Your goal>
Set down, exactly as written, the line containing "Used 2025 Ford" and all the lines that follow it to the end of the entries below, omitting every picture.
───
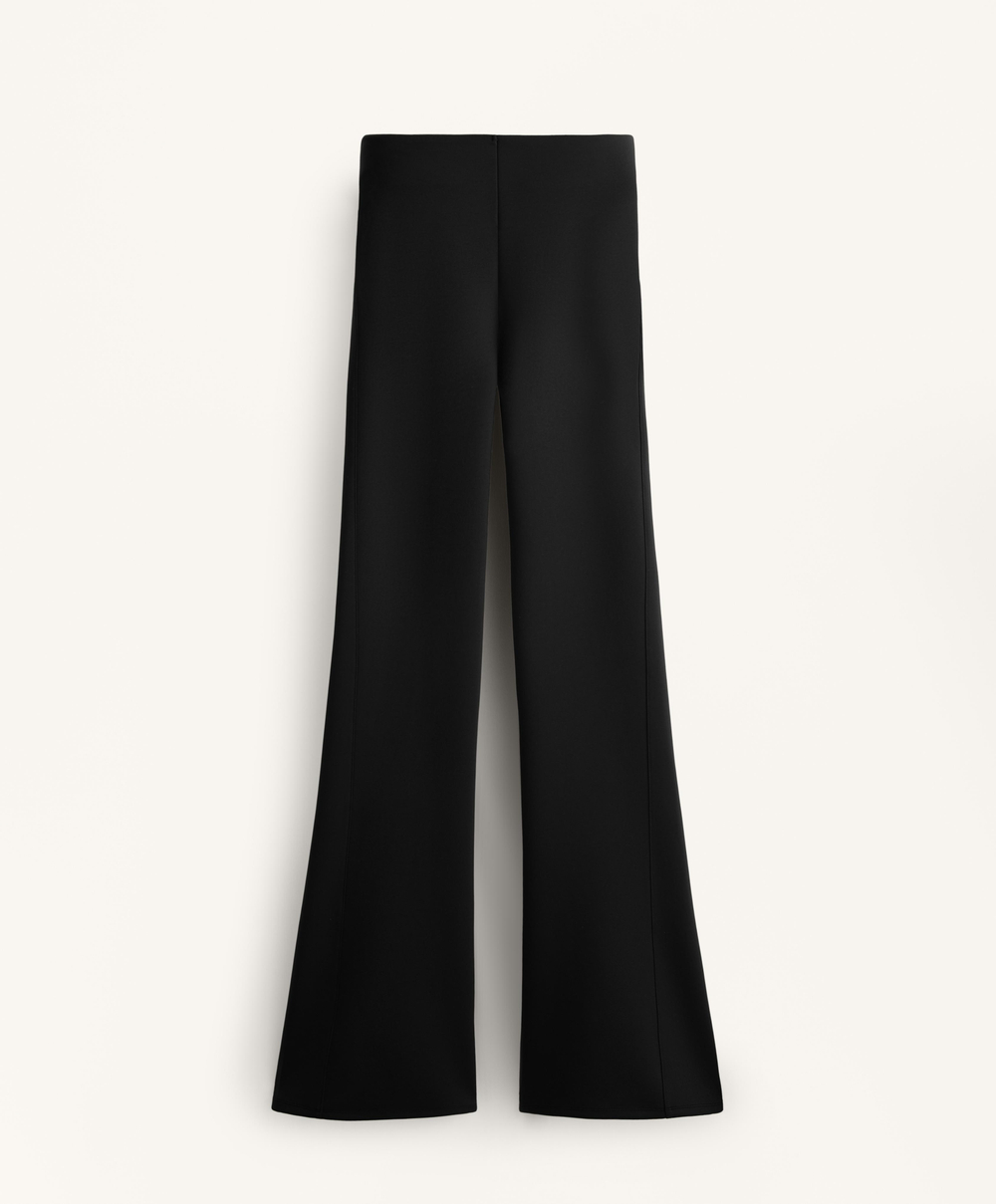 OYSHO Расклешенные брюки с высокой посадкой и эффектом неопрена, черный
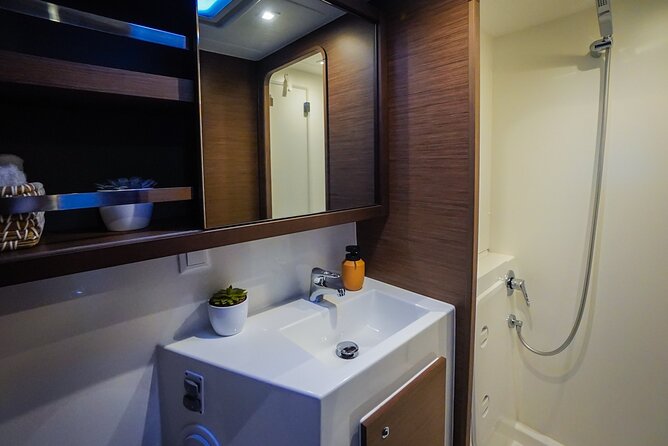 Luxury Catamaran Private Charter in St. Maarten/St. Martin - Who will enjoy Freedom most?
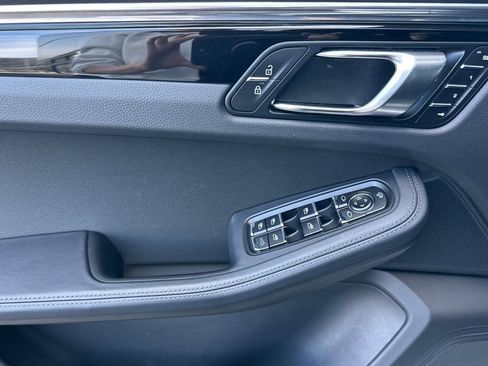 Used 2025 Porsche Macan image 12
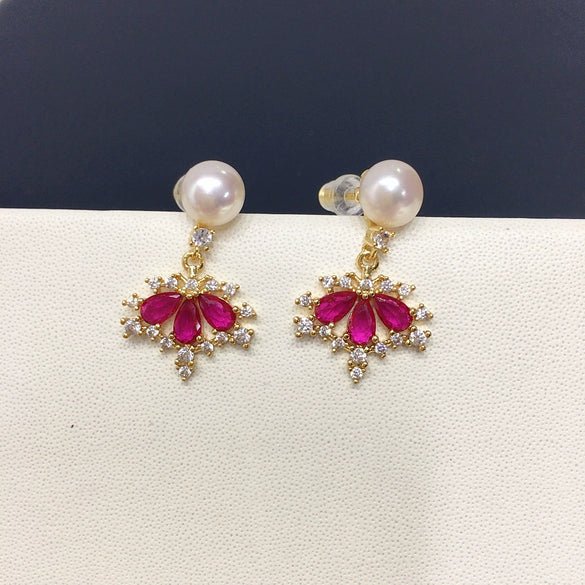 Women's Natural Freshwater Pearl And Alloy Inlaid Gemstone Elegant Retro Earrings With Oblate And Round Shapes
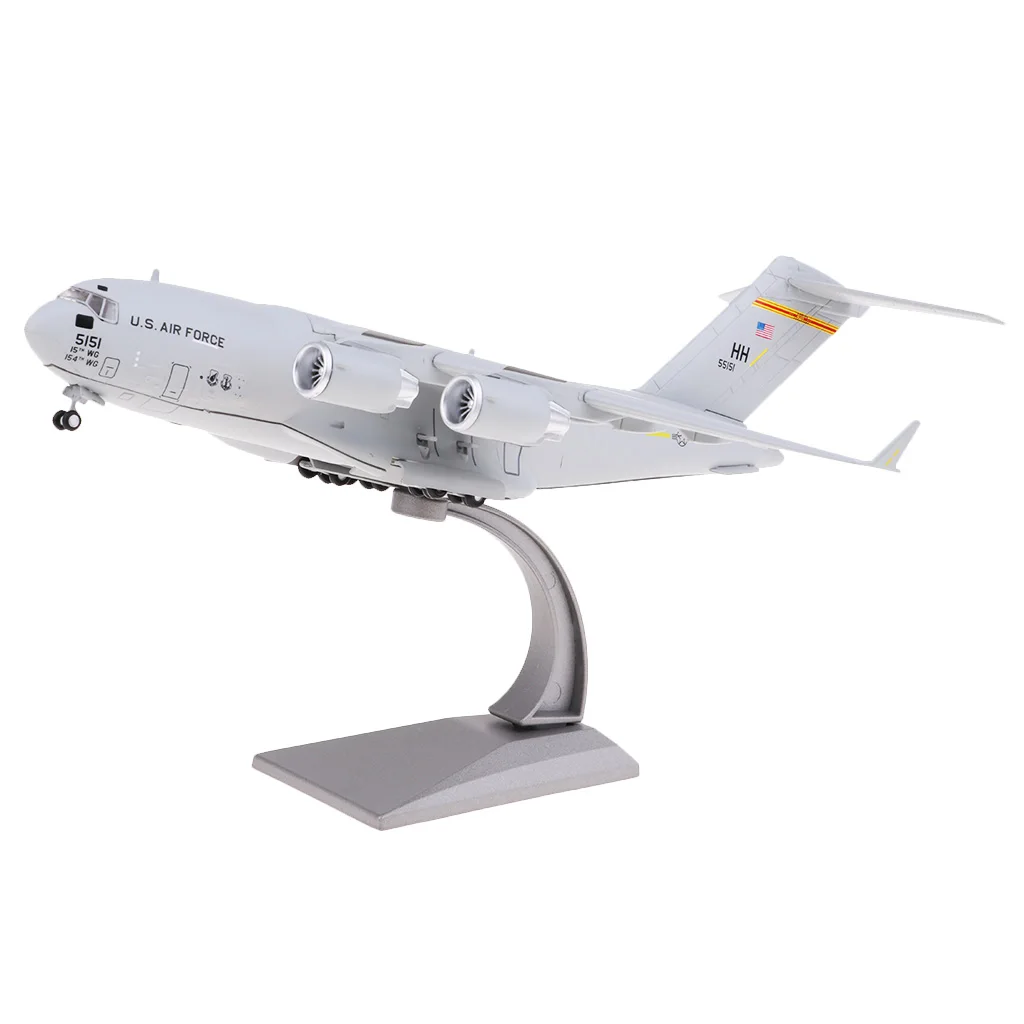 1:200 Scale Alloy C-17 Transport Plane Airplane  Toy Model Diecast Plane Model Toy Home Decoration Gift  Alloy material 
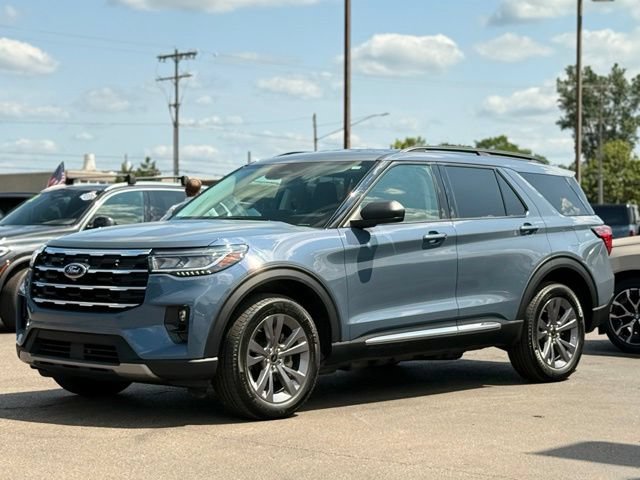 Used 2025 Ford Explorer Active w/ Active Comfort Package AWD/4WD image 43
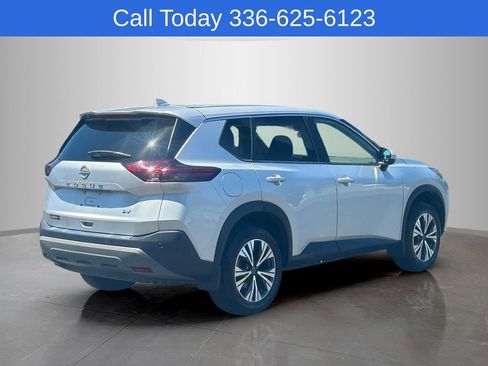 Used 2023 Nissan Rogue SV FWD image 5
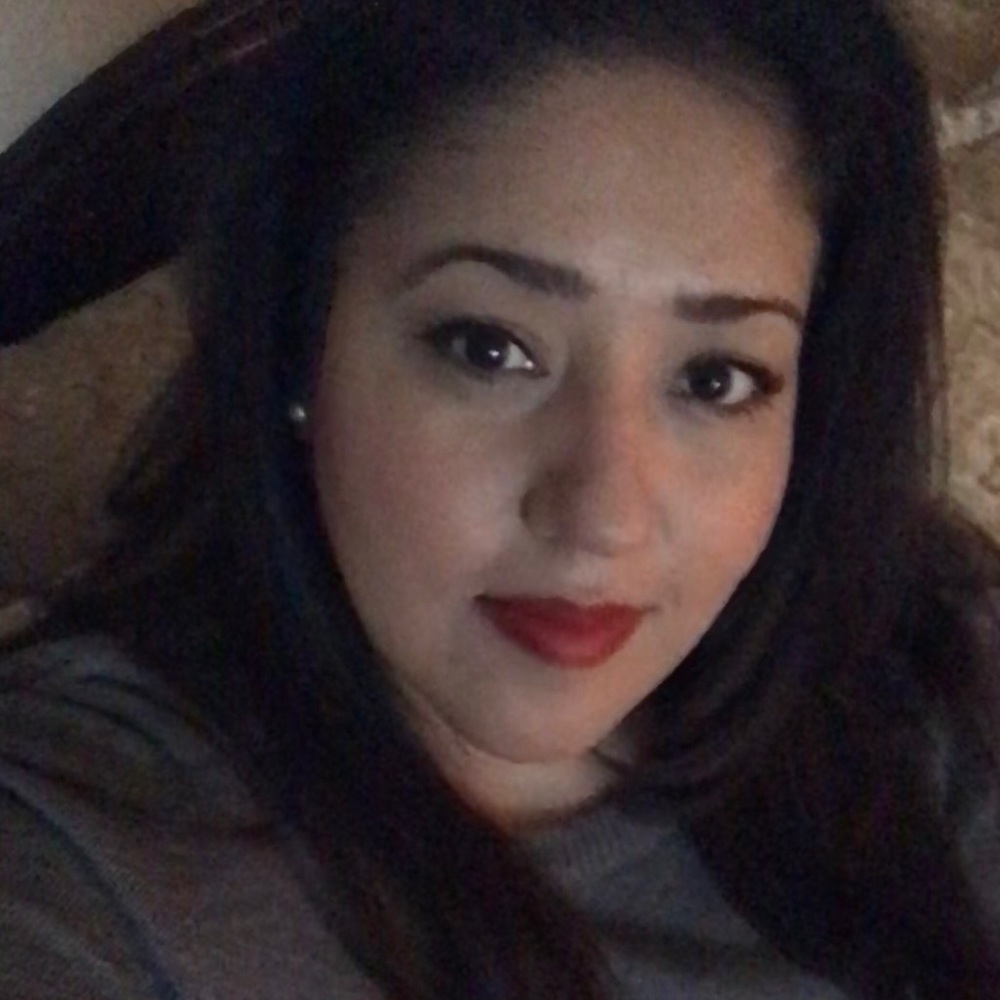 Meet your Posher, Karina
───
Written reply>
 Used 2025 Ford Explorer Active w/ Active Comfort Package AWD/4WD image 43
 Used 2023 Nissan Rogue SV FWD image 5
 Meet your Posher, Karina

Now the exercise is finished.